CHP, siyasi parti üyeliği düşürülen İstanbul il başkanı Canan Kaftancıoğlu’na sahip çıktı

CHP İstanbul İl Başkanı Canan Kaftancıoğlu’nun siyasi parti üyeliği Yargıtay Cumhuriyet Başsavcılığı tarafından düşürüldü. Kılıçdaroğlu “Beklediğimiz bir durumdu. Bildiğimiz yolda devam edeceğiz” dedi. Kaftancıoğlu ise “Korkularının ecele faydası olmayacak” ifadelerini kullandı.

Sarp Sağkal

CHP lideri Kemal Kılıçdaroğlu, partisinin MYK toplantısında CHP İstanbul İl Başkanı Canan Kaftancıoğlu’nun siyasi parti üyeliğinin düşürülmesine ilişkin “Beklediğimiz bir durumdu. Bildiğimiz yolda devam edeceğiz. Kaftancıoğlu fiilen başkanlığını sürdürecek” değerlendirmesini yaptı. Partinin kâğıt üzerinde bir il başkanını görevlendireceği öğrenildi. 

‘KÂĞIT ÜZERİNDE’ ATAMA

CHP MYK, önceki gün Kılıçdaroğlu başkanlığında toplandı. Toplantıda, Kaftancıoğlu’na siyasi yasak getirilmesi ve Yargıtay Cumhuriyet Başsavcılığı’nca parti üyeliğinin düşürülmesi de gündeme geldi. Edinilen bilgiye göre, bundan sonraki süreçte CHP İstanbul İl Başkanlığı’na “kâğıt üzerinde” bir isim atanacak. Bu ismin sadece resmi belgeleri imzalama yetkisi olacak. Partiye üye kayıtları, üyelikten çıkarma ya da disipline sevk işlemleri ve seçimlerde sandık görevlilerini belirleme gibi konularda kâğıt üzerinde atanacak ismin imzası yer alacak. Buna karşın Kaftancıoğlu, fiilen il başkanlığını yürütmeye devam edecek. 
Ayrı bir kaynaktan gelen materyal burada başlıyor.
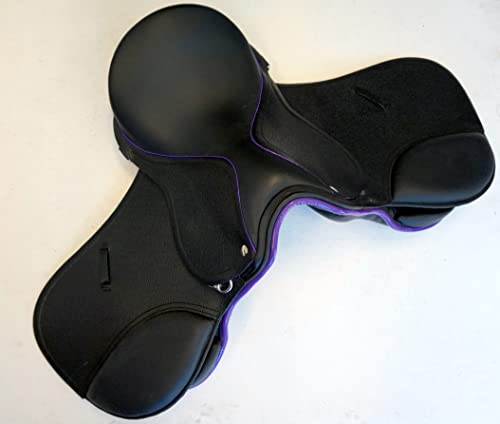 Equitem AP Saddle Purple Trim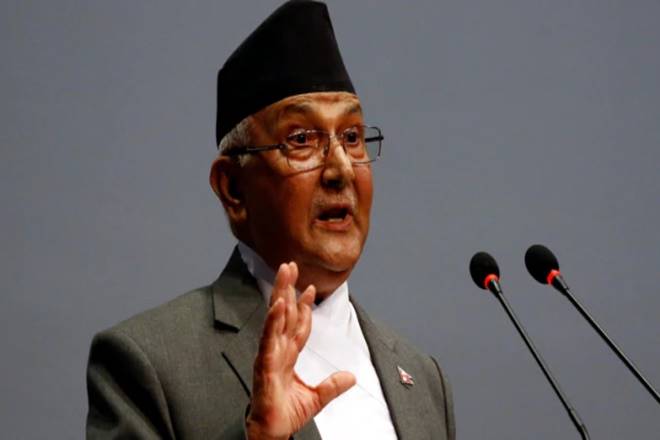 Top NCP leaders on Tuesday demanded Prime Minister Oli's resignation, saying his recent anti-India remarks were "neither politically correct nor diplomatically appropriate."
4 yıl 11 ay hapis cezası Yargıtay tarafından onanan Kaftancıoğlu, geçen günlerde cezaevine gönderilmiş, ardından denetimli serbestlik kapsamında serbest bırakılmıştı. 

 

ÖMER FARUK EMİNAĞAOĞLU: HUKUKA AYKIRI

Hukukçu Ömer Faruk Eminağaoğlu, Kaftancıoğlu’na ilişkin kararı Cumhuriyet’e değerlendirdi. Bu gibi konularla infaz mercisinin Yargıtay Cumhuriyet Başsavcılığı olduğunu, isteğin yerine getirilmemesi durumunda ise başsavcılık tarafından partiye ihtar kararı verilmesi için Anayasa Mahkemesi’ne (AYM) başvurulması gerektiğini kaydetti. Eminağaoğlu, ihtar kararına uyulmaması durumunda uygulanacak yaptırımın ise 2009’da AYM tarafından verilen bir iptal kararı gereği bulunmadığını vurguladı. Mahkûmiyet kararının, AYM’nin 2005’teki bir kararı gereği parti üyeliğini etkilemediğini kaydeden Eminağaoğlu, parti yöneticiliği açısından da yaptırım bulunmadığı için göreve devam edilmesinde engel bulunmadığını kaydetti. 

Siyasi Partiler Yasası yönünden ise beş yılın üzerinde kasıtlı bir suçtan mahkûm olanların parti üyesi olamadığını söyleyen Eminağaoğlu, “üyeliğe engel durumun, üyeliğin gerçekleşmesinin ardından ortaya çıkması durumunda da bu konuda karar mercisinin Yargıtay Cumhuriyet Başsavcılığı olmadığını” kaydetti. Eminağaoğlu, “Üyelik ve görev, doğrudan düşmez. Başsavcılığın bu konuda AYM’ye ihtar başvurusu yapması gerekiyor” dedi. AYM’nin, 2002’de Cumhurbaşkanı Erdoğan’ın “siyasi parti kurucu üyesi olamayacağına” yönelik AKP’ye çektiği ihtarı anımsatan Eminağaoğlu, “Erdoğan kararı birebir örnektir. Başsavcılığın kendisini karar merci yerine koyması ve işlem yapması hukuka aykırı” diye konuştu.